Segment Start: EXTRACTED MATERIAL
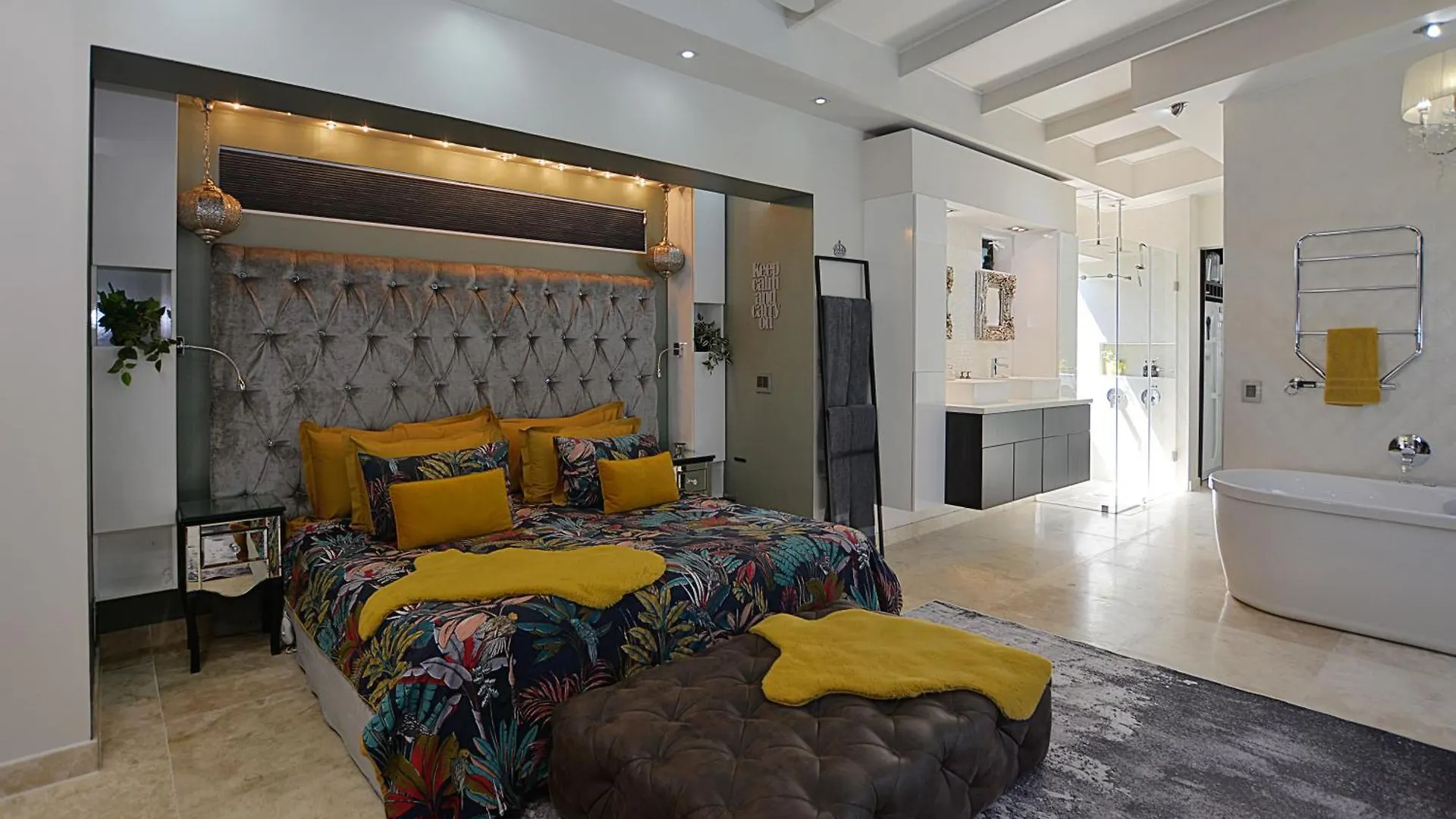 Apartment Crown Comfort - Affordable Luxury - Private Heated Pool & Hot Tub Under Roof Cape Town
Segment End: EXTRACTED MATERIAL
Segment Start: EXTRACTED MATERIAL
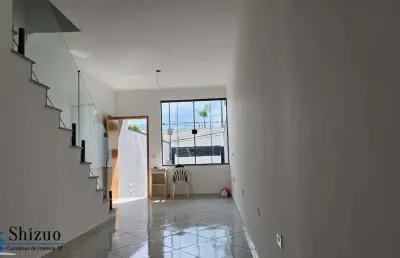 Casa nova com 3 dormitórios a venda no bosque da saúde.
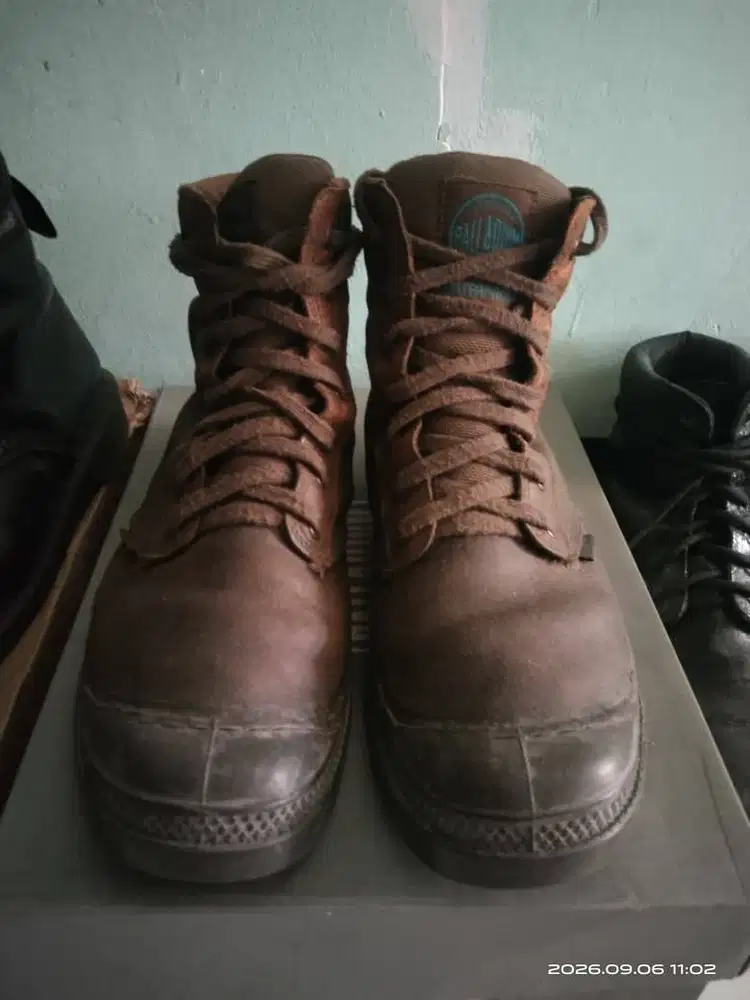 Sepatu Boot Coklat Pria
Segment End: EXTRACTED MATERIAL
Segment Start: EXTRACTED MATERIAL
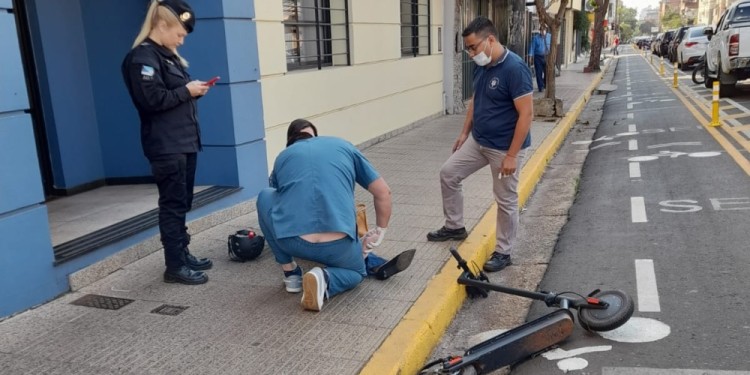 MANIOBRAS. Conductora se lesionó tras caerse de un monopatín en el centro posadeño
Segment End: EXTRACTED MATERIAL
→ **EXERCISE**:
Keep to the stretch from the line containing "Casa nova com" through the line containing "Sepatu Boot Coklat Pria", both ends included, and copy it exactly from the listing above, minus the pictures.

→ **RESULT BELOW**:
 Casa nova com 3 dormitórios a venda no bosque da saúde.
 Sepatu Boot Coklat Pria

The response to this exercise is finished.